ERDOĞAN CEMAATLERİ GÜÇLENDİRİYOR

»Gülen Cemaati dışındaki cemaatler savaşın neresinde?

Büyük çoğunluğu hükümetin yanında duruyor. Gülen Cemaati’nin yanında birebir tavır alan herhangi bir cemaat olmadı. Sadece Risale-i Nur'ların bandrol meselesi çıktığı için Yeni Asya grubu sesini yükseltiyor. Gülen Cemaati de onlara destek veriyor.

»Ekmeleddin İhsanoğlu'na destek vereceklerini açıkladılar...
Evet evet.

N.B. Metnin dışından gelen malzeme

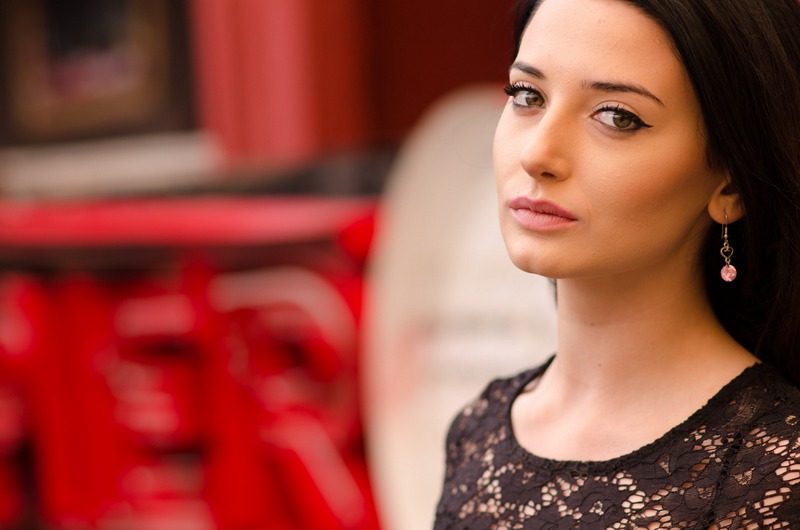 woman-2542252_1920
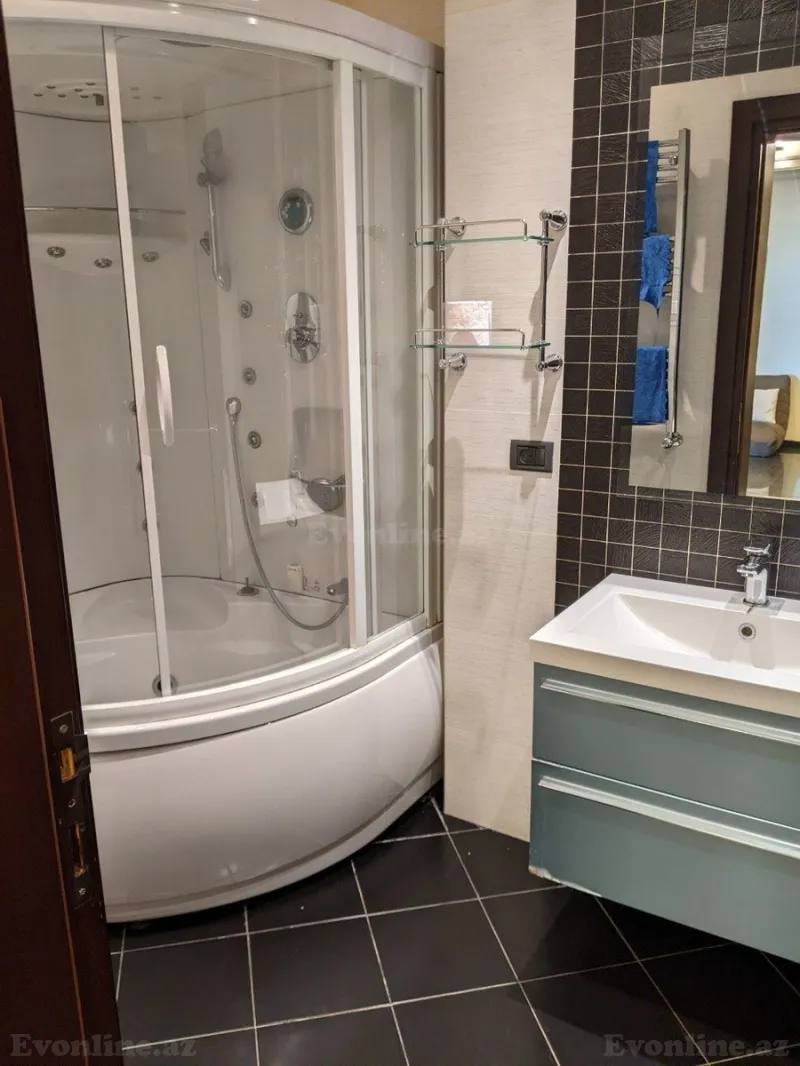 Kirayə verilir 4 otaqlı Mənzil Yeni tikili 200 m² Nəriman Nərimanov m. - şəkil 14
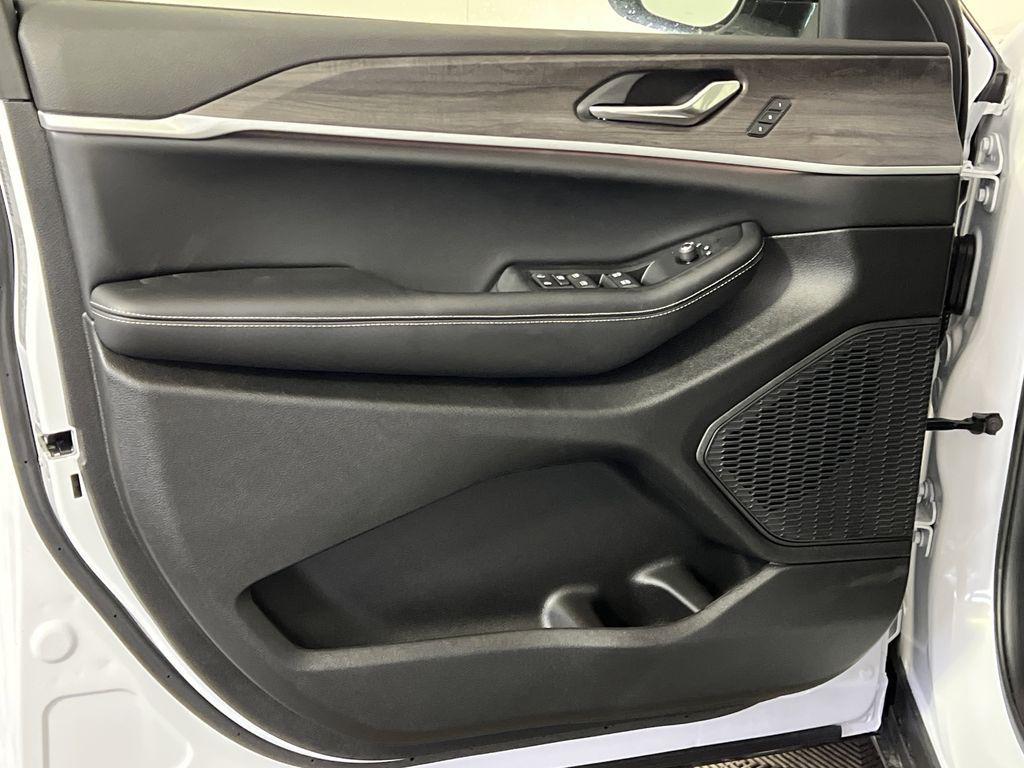 new 2025 Jeep Grand Cherokee car, priced at $44,943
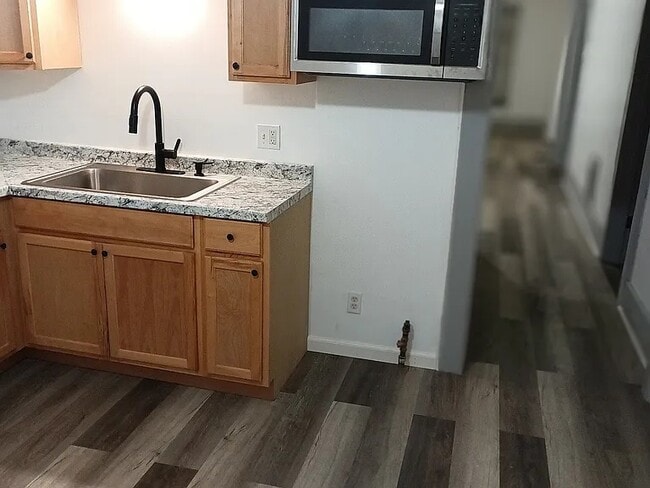 Photo - 48 Mineral Springs Rd Unit Lower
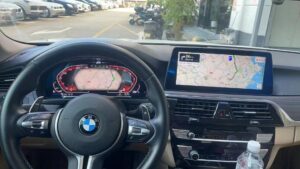 Cụm đồng hồ kỹ thuật số BMW F32 lắp đặt tại vị trí taplo nguyên bản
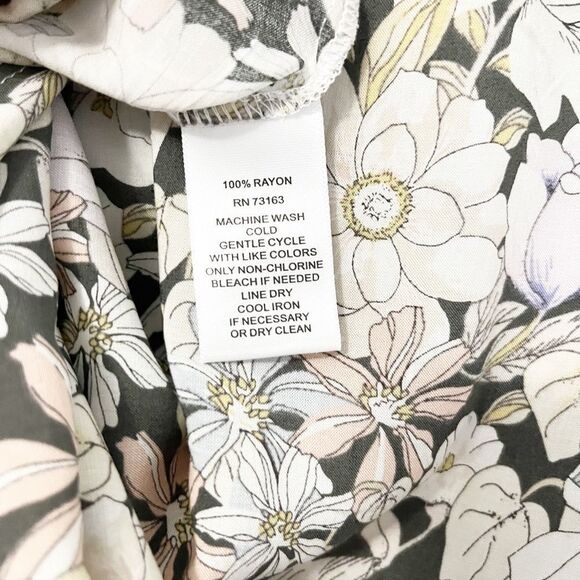 🟢Cupio Black Spring Floral Print Top with Front Tie Size SP - Picture 6 of 8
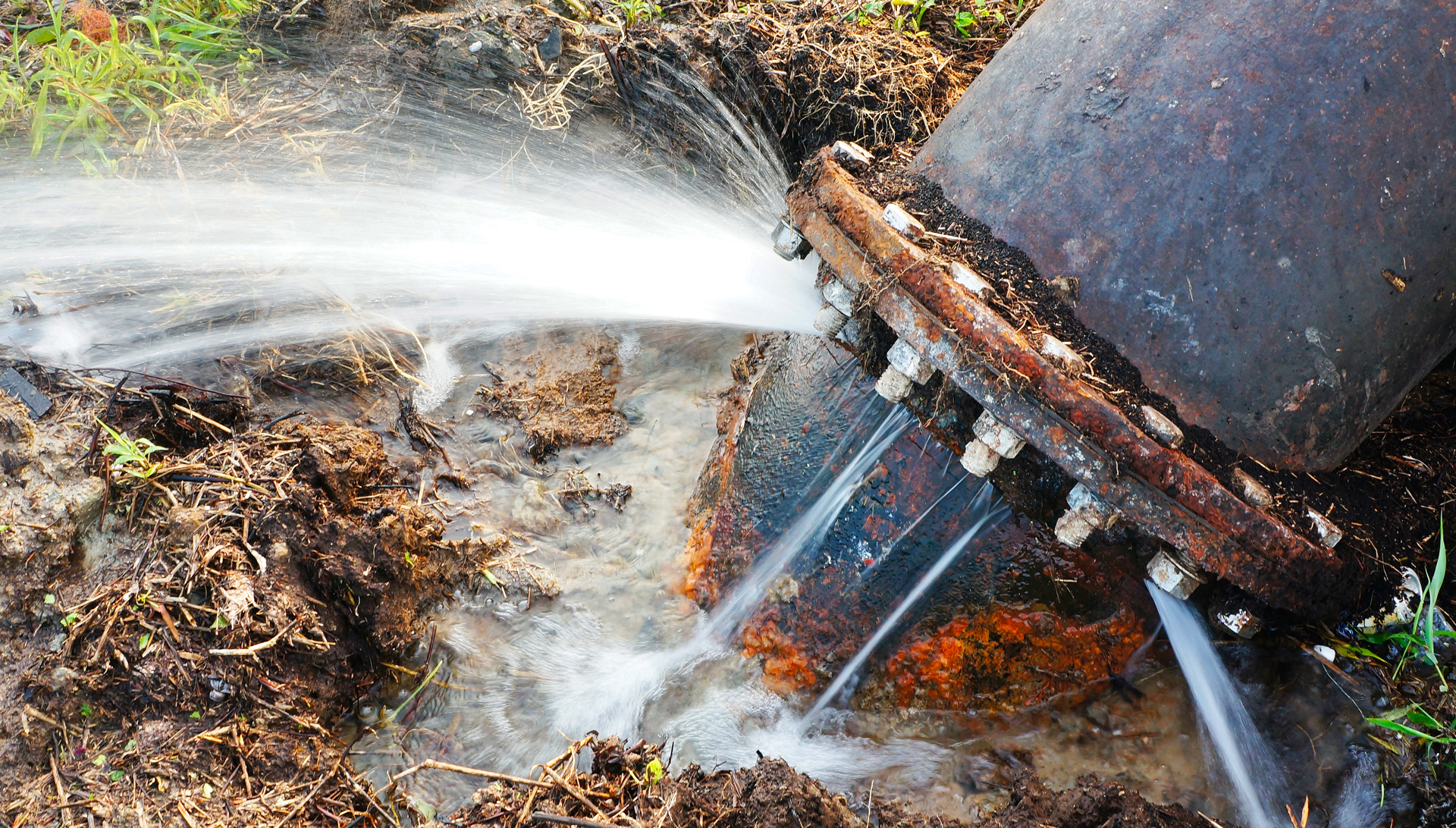 fuites-renouvellement-réhabilitation-réseau-eau-potable-assainissement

Tayyip Erdoğan, Gülen'in gücünü kırmak için cemaatleri güçlendiriyor ya da kendisi vakıf üzerinden kendisi Cemaat’in faaliyetlerini yapmak istiyor.

SUÇLARLARKEN DOĞRU SÖYLÜYORLAR

»AKP ya da Cemaat'e yakın olmayan biri nasıl pozisyon almalı sizce?

Her iki tarafın karşı taraf hakkında söylediği argümanlara sahip çıkmalı. Cemaatin yolsuzluk, hükümetin de devlet içinde devlet. Bunlar önemli iddialar. Bunlardan hiçbirisinin yanında tavır almamak lazım. İnsanlar birbirlerini suçlarken haklılar, kendilerini savunurken yanlışlar. Bunun ikisinin de yanlış olduğunu gösterip, alternatif bir siyaset yaratmak gerek.

»Erdoğan'ın cumhurbaşkanı seçilmesi halinde nasıl bir Türkiye canlanıyor zihninizde?
Çok daha kendini güçlü hissedecek ama yalnızlaşacak. Tek insan olma aynı zamanda yalnızlaşmayı getirir. Etrafındaki insanların kalitesi gittikçe düşüyor. Partiyi ilk kurdukları dönemdeki kalitenin çok uzağında duruyorlar. Sandıktan güçlü çıkıyor ancak bu oldukça yanıltıcı. İçeride gerek Gezi'de gerek 17 Aralık'ta çok büyük yaralar aldı. Bunlar sandıkla telafi edilecek gibi değil.